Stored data
"""

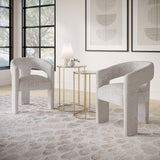 Gwen Grey Uph Chair - Ornate Home
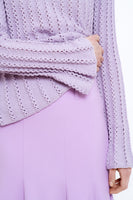 TRUONGII Lilac Flared Knit Pullover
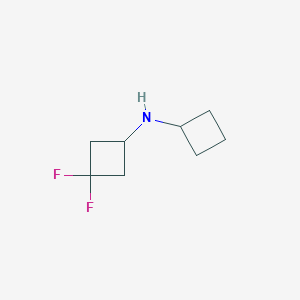 N-Cyclobutyl-3,3-difluorocyclobutan-1-amine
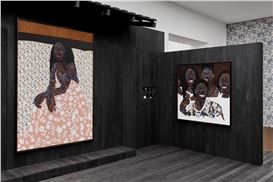 Amoako Boafo Brings a Slice of Accra to Gagosian London in 'I Do Not Come to You by Chance'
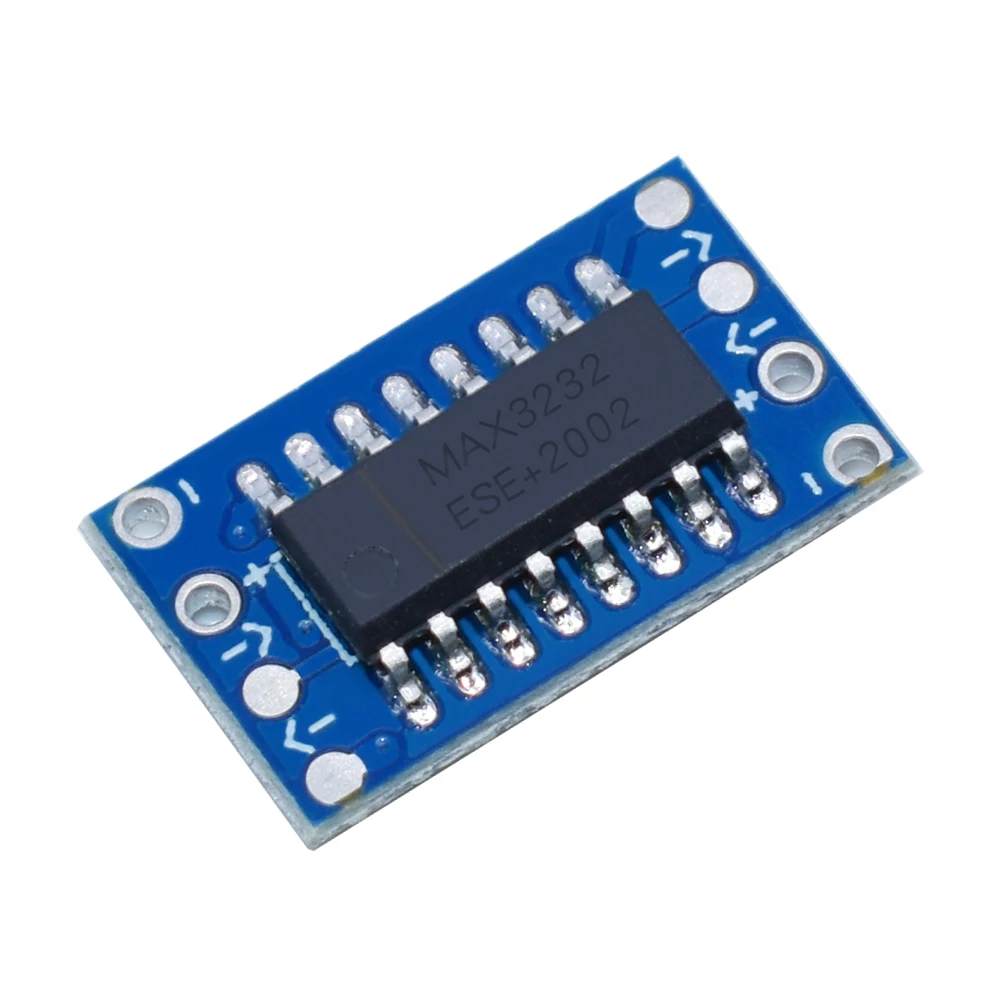 10PCS The mini RS232 MAX3232 turn TTL level conversion board serial conversion module.We are the manufacturer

"""

## Problem statement
Reproduce the data above exactly, leaving each picture out.

## Expected answer
 Gwen Grey Uph Chair - Ornate Home
 TRUONGII Lilac Flared Knit Pullover
 N-Cyclobutyl-3,3-difluorocyclobutan-1-amine
 Amoako Boafo Brings a Slice of Accra to Gagosian London in 'I Do Not Come to You by Chance'
 10PCS The mini RS232 MAX3232 turn TTL level conversion board serial conversion module.We are the manufacturer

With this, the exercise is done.